Das neue ERP-System soll helfen, die Online-Verkaufsziele (insbesondere über Marktplätze) zu erreichen.
Die geplante Einführung von Infors ERP-System Cloud-Suite Fashion ist Teil eines Projekts, mit dem der über 100 Mitarbeiter und 50 Mio. Euro Jahresumsatz starke französische Dessous-Hersteller sein Informationssystem und seine Prozesse bis 2022 erneuern will.
Dies ist ein Artikel aus unserer Print-Ausgabe 1-2/2022. Bestellen Sie ein kostenfreies Probe-Abo.
„Unser Projekt geht auf das zweite Quartal 2020 zurück“, erklärt Eric Bricout, Verwaltungs- und Finanzdirektor und IT-Verantwortlicher bei Wolf Lingerie. „Wir waren uns bewusst, dass ein großer Teil unserer IT-Systeme veraltet war“. Deshalb wollte er eine moderne und skalierbare ERP-Lösung anschaffen, „die uns bei unserer internationalen Entwicklung - insbesondere in Südeuropa, Deutschland, der Türkei und Skandinavien – unterstützt und uns die Türen zu einer immer anspruchsvolleren Kundschaft in Bezug auf Innovation, Produktqualität und damit verbundene Dienstleistungen öffnet.
Das vorhandene System war veraltet, so dass es immer mehr Probleme bei der Liefer- und Lagerverwaltung gab, erinnert sich Bricout. „Diese Schwierigkeiten werden durch die gestiegenen Anforderungen bestimmter Vertriebskanäle wie Supermärkte und das Aufkommen von Marktplätzen noch verstärkt.“
Nach der Beauftragung des deutschen Beratungsunternehmens Phase5 Empowering, das bereits bei bei der Projektphase rund um Produkt-Design und Produktlebenszyklus-Management (PLM) behilflich war, überprüfte Wolf Lingerie seine Verfahren und zog etwa 15 ERP-Produkte in Betracht.

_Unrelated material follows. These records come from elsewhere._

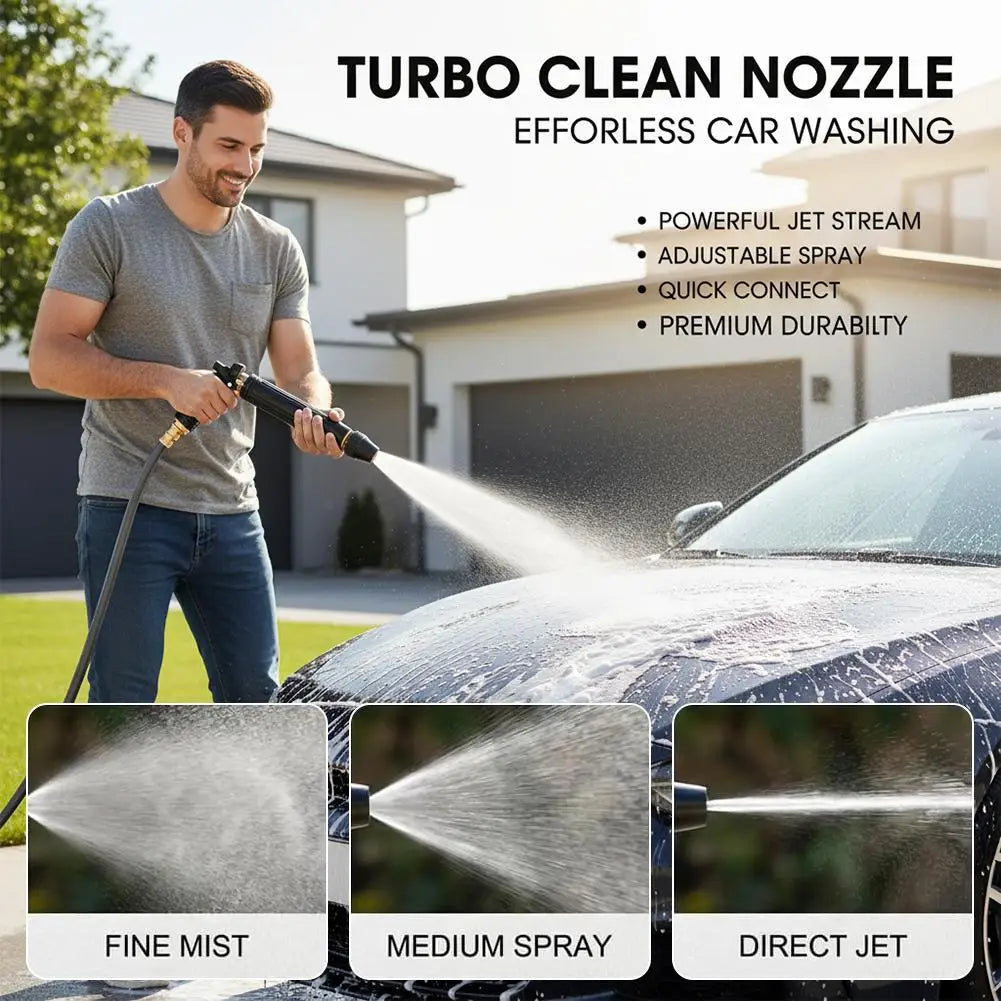 Heavy-Duty Adjustable Garden Hose Nozzle | Car Wash Water Gun Garden Hose Nozzle QXL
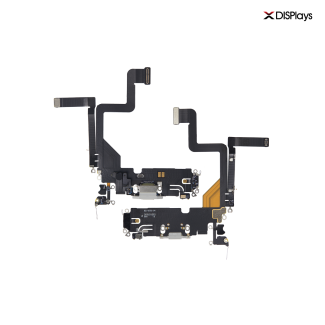 iPhone 14 Pro Charging Port with Flex Cable Replacement Part - White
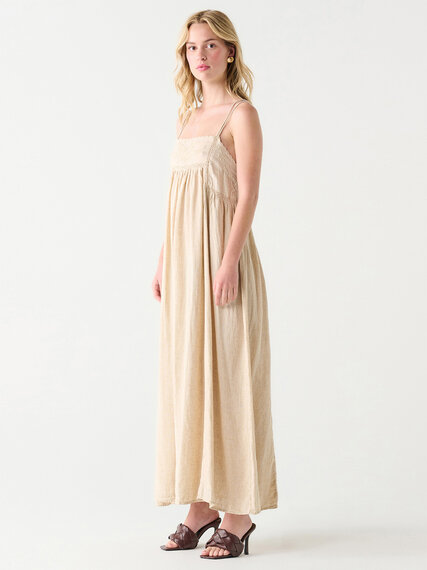 Sleeveless Linen Blend Maxi Dress Image 2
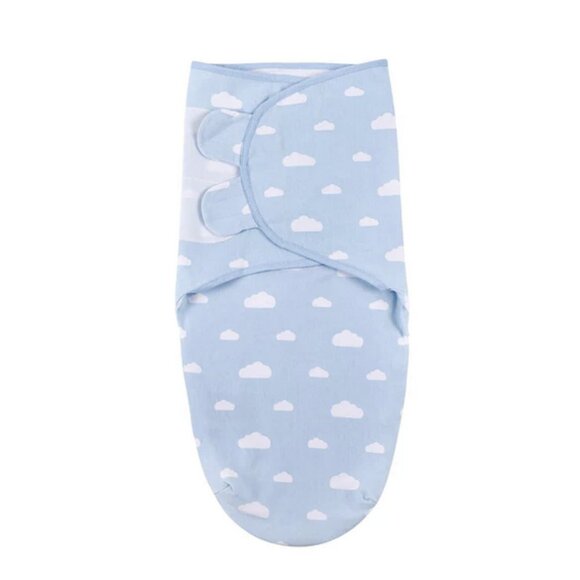 Mama Cheetah Small 0-3M Organic Cotton 3 pack Baby Swaddle Wrap Soft White Gray - Picture 2 of 9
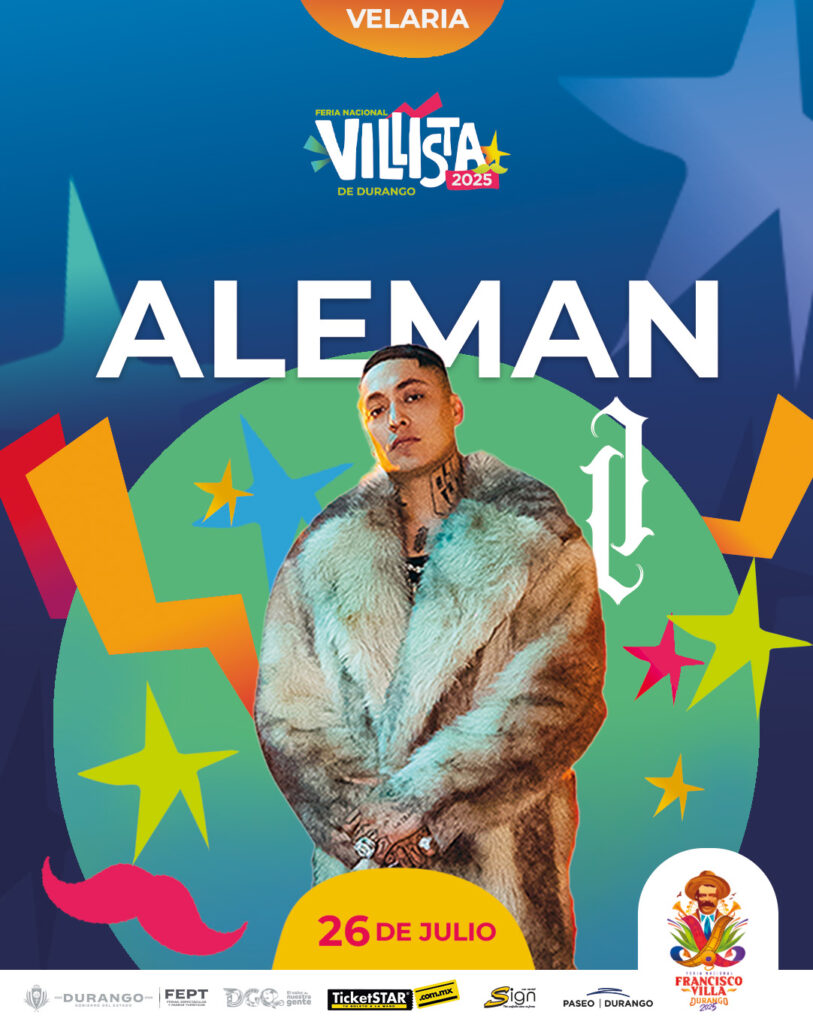 ALEMÁN EN DURANGO 2025 FERIA LA VILLISTA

Von diesen Kandidaten schafften schließlich vier in die Endauswahl. Nachdem man den Finalisten eine Reihe von Daten zur Verfügung gestellt hatte, wurden die vier Systeme Werkstatt für Werkstatt getestet, bevor die endgültige Entscheidung fiel.
„Infor hat alle von uns definierten Kriterien für sich entschieden, insbesondere die Benutzerfreundlichkeit, den Funktionsumfang, die Modernität sowie die Fähigkeit der Lösung, einen großen Teil unserer Geschäftsprobleme standardmäßig zu bewältigen“, so Bricout. „Gleichzeitig haben wir uns für die Zusammenarbeit mit LTTD Consulting entschieden, Infors Referenz-Integrationspartner für Cloud-Suite Fashion.“ Mit der Erfahrung und dem Fachwissen dieses Movex-Experten seien Abläufe überarbeitet worden, „um sie mit einem stärker industrialisierten Ansatz in Einklang zu bringen“.

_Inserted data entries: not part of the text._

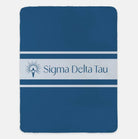 Sigma Delta Tau XL 60x80 Sherpa Throw Blanket - Traditional Old Blue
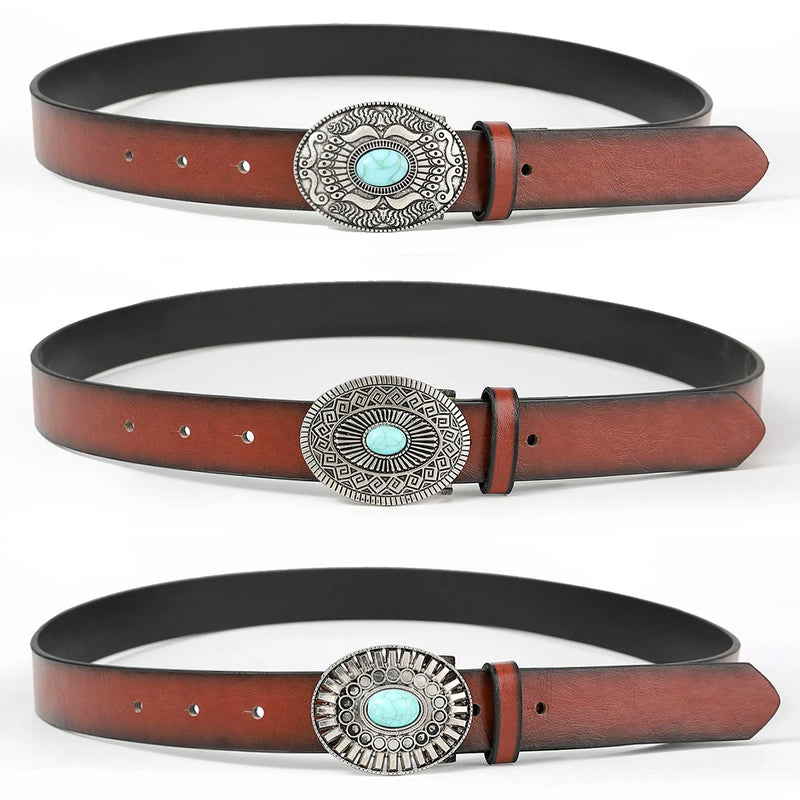 Cinto Feminino Cowgirl Turquesa
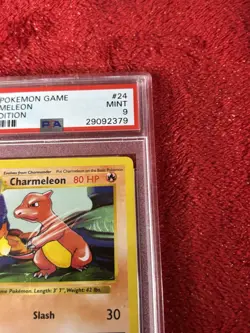 Pokemon PSA 9 1st Edition Charmeleon 024/102 Base Set (Shadowless) - Image 2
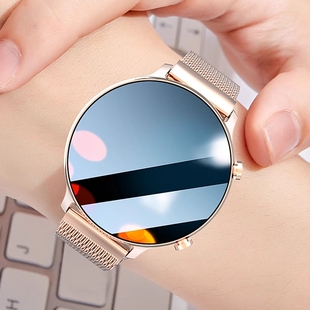 铭胜酷 安卓ios手机通用智能手表女士蓝牙通话情侣运动手环 女神礼物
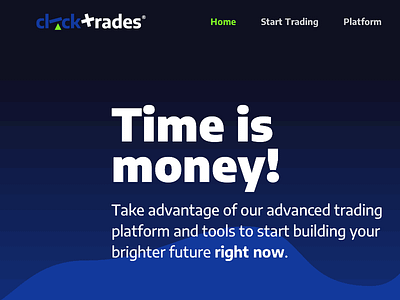 Clicktrades Home Desktop - crop2 contrast design ui website
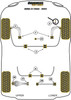 BMW Z Series Z1 (1988 - 1991) Powerflex diagram - Reference 17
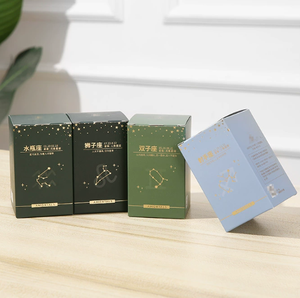 Custom Design Contact Lenses Packaging Boxes Custom Printed with Embossing <b>Recyclable</b> Paper Carton <b>Box</b> for Contact Lenses - Product Image 5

Im Mai 2021 fiel dann Entscheidung für die Infor-Suite. Sie deckt ein breites Spektrum ab, von der gesamten Lieferkette über die Einkaufsplanung bis hin zur Kundenfakturierung – einschließlich Liefer- und Lagerverwaltung, Buchhaltung und Finanzmanagement und, in einer zweiten Phase, die Implementierung des BI-Moduls Birst. Die Einführung ist für Mitte 2022 geplant. „Bis dahin müssen wir alle unsere Prozesse überarbeitet haben, damit sie standardmäßig vom vollen Funktionsumfang der neuen Software profitieren können“, erklärt Bricout.
Ein fünfköpfiges Team, ist für das Projekt verantwortlich; dazu kommen etwa 15 Key-User aus allen Bereichen des Unternehmens. Also sind etwa 20 Prozent der Gesamtbelegschaft in das Projekt involviert. Gleichzeitig hat das Unternehmen einen Rekrutierungsprozess eingeleitet, um seine Ressourcen an seine Online-Verkaufsziele (insbesondere über Marktplätze) anzupassen, die letztlich die Grundlage für den Standardisierungs- und Industrialisierungsansatz bilden.